-- WHAT TO WORK ON --
For the material below, return exactly the lines starting at the one holding "Casa à venda com 360m², 3 quartos e 4 vagas" and ending at the one holding "Bad Boys Plastic", counting both as part of the range.

-- SOURCE DATA --
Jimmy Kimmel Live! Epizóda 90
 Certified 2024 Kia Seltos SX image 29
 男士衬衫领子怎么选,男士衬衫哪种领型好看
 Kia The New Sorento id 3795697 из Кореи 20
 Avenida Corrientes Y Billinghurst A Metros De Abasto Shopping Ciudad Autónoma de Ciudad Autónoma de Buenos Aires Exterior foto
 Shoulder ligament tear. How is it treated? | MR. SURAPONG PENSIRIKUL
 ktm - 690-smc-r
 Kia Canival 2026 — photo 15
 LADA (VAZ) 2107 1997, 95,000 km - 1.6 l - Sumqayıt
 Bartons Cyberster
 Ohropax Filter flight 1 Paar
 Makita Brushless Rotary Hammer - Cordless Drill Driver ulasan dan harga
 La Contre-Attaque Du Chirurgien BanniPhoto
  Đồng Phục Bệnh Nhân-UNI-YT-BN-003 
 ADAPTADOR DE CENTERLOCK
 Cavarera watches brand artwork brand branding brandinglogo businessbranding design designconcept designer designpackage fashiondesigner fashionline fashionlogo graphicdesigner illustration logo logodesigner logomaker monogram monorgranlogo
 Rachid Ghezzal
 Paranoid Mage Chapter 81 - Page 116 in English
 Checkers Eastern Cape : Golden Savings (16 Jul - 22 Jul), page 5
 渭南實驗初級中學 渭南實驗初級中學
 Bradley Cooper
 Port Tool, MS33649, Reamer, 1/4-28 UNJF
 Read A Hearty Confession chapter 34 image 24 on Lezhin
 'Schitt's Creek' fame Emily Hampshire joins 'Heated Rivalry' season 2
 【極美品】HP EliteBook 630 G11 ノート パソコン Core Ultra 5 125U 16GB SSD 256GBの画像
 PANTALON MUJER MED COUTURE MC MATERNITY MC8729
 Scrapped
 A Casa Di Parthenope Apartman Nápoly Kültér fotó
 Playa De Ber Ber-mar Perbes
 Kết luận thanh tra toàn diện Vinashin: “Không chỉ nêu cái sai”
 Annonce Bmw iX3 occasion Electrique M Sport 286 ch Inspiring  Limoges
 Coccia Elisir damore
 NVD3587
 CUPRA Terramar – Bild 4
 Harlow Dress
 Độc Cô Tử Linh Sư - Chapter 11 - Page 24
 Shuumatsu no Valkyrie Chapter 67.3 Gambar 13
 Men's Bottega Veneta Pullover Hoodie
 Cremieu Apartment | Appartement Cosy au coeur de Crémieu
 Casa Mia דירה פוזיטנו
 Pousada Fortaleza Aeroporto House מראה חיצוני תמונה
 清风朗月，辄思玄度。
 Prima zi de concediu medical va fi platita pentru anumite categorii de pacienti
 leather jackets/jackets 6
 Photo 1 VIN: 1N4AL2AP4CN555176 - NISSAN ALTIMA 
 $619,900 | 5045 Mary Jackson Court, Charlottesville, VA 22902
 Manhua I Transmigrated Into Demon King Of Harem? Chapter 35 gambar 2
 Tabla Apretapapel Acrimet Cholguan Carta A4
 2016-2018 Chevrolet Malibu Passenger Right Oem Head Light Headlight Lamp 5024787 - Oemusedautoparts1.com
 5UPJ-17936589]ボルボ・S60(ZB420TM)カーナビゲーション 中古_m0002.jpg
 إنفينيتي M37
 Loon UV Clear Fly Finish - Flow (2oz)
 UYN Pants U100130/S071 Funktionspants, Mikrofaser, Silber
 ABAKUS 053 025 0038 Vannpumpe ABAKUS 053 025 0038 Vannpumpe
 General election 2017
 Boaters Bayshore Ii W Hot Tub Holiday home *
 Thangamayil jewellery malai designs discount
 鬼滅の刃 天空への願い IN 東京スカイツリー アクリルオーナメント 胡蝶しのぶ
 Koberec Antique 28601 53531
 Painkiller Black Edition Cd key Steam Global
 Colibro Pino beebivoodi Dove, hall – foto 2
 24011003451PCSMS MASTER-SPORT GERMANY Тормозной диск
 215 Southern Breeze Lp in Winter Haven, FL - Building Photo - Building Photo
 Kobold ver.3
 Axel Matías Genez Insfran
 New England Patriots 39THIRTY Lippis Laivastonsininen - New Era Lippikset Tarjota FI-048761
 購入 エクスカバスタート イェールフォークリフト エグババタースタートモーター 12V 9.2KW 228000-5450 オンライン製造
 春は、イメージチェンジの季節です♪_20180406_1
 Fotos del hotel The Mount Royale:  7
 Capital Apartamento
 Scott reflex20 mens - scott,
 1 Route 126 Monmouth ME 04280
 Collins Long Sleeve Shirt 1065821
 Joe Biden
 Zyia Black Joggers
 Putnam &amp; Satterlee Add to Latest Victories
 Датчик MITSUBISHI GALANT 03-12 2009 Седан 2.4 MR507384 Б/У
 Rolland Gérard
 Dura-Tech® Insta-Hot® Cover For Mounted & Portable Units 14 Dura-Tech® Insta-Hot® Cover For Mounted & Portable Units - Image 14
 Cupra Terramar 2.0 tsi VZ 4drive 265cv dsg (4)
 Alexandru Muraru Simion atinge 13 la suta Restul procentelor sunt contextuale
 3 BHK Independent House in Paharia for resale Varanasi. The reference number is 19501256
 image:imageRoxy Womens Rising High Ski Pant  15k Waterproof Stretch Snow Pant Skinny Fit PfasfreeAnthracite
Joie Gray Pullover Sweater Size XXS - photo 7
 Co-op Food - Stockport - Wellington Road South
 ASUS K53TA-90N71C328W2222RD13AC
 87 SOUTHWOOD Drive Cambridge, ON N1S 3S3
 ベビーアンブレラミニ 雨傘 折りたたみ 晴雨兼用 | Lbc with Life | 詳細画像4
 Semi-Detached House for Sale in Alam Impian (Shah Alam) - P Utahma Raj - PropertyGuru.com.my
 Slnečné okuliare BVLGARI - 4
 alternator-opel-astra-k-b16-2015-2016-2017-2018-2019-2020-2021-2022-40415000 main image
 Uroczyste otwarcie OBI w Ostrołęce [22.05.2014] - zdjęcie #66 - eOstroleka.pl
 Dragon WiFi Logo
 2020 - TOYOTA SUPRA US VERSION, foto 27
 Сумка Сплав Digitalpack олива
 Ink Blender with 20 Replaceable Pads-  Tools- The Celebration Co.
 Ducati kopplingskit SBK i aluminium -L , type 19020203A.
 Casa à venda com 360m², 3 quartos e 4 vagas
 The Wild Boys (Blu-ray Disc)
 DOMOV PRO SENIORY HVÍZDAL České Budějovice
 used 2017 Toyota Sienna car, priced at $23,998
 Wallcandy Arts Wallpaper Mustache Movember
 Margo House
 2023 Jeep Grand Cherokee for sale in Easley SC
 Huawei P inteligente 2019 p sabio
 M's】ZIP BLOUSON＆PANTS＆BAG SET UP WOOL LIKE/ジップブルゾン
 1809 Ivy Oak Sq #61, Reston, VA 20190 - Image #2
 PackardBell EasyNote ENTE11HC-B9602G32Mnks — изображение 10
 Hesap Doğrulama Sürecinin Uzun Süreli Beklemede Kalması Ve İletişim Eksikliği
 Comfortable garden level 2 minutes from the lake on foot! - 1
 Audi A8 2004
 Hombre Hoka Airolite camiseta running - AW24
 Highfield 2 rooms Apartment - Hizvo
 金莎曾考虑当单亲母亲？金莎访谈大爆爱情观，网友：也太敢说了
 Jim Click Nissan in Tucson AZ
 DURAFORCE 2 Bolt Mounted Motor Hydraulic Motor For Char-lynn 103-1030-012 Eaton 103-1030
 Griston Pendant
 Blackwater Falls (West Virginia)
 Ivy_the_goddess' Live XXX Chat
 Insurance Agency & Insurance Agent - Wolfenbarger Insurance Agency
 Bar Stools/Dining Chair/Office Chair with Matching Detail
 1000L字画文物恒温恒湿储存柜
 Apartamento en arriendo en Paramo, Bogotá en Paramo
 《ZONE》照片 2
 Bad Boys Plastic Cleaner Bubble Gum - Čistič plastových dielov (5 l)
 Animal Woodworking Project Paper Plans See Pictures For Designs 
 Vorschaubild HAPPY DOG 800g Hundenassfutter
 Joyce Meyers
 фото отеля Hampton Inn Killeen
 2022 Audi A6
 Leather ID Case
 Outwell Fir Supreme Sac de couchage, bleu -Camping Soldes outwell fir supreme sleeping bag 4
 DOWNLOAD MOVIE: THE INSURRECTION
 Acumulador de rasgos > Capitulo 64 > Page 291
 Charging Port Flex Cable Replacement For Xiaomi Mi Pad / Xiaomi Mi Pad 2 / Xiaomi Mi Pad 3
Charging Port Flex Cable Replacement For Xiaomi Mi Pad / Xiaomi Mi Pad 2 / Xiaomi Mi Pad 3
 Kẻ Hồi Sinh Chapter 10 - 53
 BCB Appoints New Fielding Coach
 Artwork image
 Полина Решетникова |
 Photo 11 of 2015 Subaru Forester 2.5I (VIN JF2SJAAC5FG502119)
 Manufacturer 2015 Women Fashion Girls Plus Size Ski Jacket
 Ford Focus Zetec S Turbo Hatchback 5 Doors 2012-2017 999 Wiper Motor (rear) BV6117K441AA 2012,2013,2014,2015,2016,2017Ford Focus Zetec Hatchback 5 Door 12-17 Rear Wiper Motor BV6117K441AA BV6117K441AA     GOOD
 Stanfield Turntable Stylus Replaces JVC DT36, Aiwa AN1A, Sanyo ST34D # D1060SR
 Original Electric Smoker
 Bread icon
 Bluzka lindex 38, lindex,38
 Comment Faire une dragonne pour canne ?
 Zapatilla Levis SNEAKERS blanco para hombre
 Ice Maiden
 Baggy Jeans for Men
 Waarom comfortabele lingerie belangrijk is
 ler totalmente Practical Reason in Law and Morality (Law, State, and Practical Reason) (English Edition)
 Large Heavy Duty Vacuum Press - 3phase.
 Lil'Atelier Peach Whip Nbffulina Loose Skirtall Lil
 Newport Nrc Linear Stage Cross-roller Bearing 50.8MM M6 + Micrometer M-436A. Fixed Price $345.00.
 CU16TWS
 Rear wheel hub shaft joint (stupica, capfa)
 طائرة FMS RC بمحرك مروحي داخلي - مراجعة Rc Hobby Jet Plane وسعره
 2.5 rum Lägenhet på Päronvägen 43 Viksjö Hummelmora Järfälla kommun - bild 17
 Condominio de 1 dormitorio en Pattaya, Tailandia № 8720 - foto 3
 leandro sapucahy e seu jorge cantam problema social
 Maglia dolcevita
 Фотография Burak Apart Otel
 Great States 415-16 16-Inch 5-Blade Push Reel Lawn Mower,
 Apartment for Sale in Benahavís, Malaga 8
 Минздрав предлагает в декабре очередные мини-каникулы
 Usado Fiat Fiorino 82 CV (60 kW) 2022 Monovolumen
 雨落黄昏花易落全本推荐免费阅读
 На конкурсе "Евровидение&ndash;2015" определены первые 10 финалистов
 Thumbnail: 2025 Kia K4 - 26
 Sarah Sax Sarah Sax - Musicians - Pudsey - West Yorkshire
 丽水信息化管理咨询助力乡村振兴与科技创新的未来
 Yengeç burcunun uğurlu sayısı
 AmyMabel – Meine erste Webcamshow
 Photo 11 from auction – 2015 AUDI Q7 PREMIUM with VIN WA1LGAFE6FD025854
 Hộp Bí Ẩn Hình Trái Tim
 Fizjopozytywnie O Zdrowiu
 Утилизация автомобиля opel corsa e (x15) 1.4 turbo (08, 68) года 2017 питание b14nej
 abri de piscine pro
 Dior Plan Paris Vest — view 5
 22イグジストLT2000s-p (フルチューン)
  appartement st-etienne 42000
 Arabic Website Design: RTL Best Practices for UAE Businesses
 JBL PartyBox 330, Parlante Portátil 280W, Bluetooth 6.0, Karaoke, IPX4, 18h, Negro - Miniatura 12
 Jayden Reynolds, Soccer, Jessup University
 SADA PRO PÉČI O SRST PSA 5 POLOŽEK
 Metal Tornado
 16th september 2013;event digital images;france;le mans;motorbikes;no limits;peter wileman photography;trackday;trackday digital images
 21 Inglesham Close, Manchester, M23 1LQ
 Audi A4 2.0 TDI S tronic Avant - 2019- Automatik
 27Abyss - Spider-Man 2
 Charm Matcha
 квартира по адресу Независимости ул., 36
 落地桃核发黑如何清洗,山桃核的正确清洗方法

-- ANSWER FOR THIS EXERCISE --
 Casa à venda com 360m², 3 quartos e 4 vagas
 The Wild Boys (Blu-ray Disc)
 DOMOV PRO SENIORY HVÍZDAL České Budějovice
 used 2017 Toyota Sienna car, priced at $23,998
 Wallcandy Arts Wallpaper Mustache Movember
 Margo House
 2023 Jeep Grand Cherokee for sale in Easley SC
 Huawei P inteligente 2019 p sabio
 M's】ZIP BLOUSON＆PANTS＆BAG SET UP WOOL LIKE/ジップブルゾン
 1809 Ivy Oak Sq #61, Reston, VA 20190 - Image #2
 PackardBell EasyNote ENTE11HC-B9602G32Mnks — изображение 10
 Hesap Doğrulama Sürecinin Uzun Süreli Beklemede Kalması Ve İletişim Eksikliği
 Comfortable garden level 2 minutes from the lake on foot! - 1
 Audi A8 2004
 Hombre Hoka Airolite camiseta running - AW24
 Highfield 2 rooms Apartment - Hizvo
 金莎曾考虑当单亲母亲？金莎访谈大爆爱情观，网友：也太敢说了
 Jim Click Nissan in Tucson AZ
 DURAFORCE 2 Bolt Mounted Motor Hydraulic Motor For Char-lynn 103-1030-012 Eaton 103-1030
 Griston Pendant
 Blackwater Falls (West Virginia)
 Ivy_the_goddess' Live XXX Chat
 Insurance Agency & Insurance Agent - Wolfenbarger Insurance Agency
 Bar Stools/Dining Chair/Office Chair with Matching Detail
 1000L字画文物恒温恒湿储存柜
 Apartamento en arriendo en Paramo, Bogotá en Paramo
 《ZONE》照片 2
 Bad Boys Plastic Cleaner Bubble Gum - Čistič plastových dielov (5 l)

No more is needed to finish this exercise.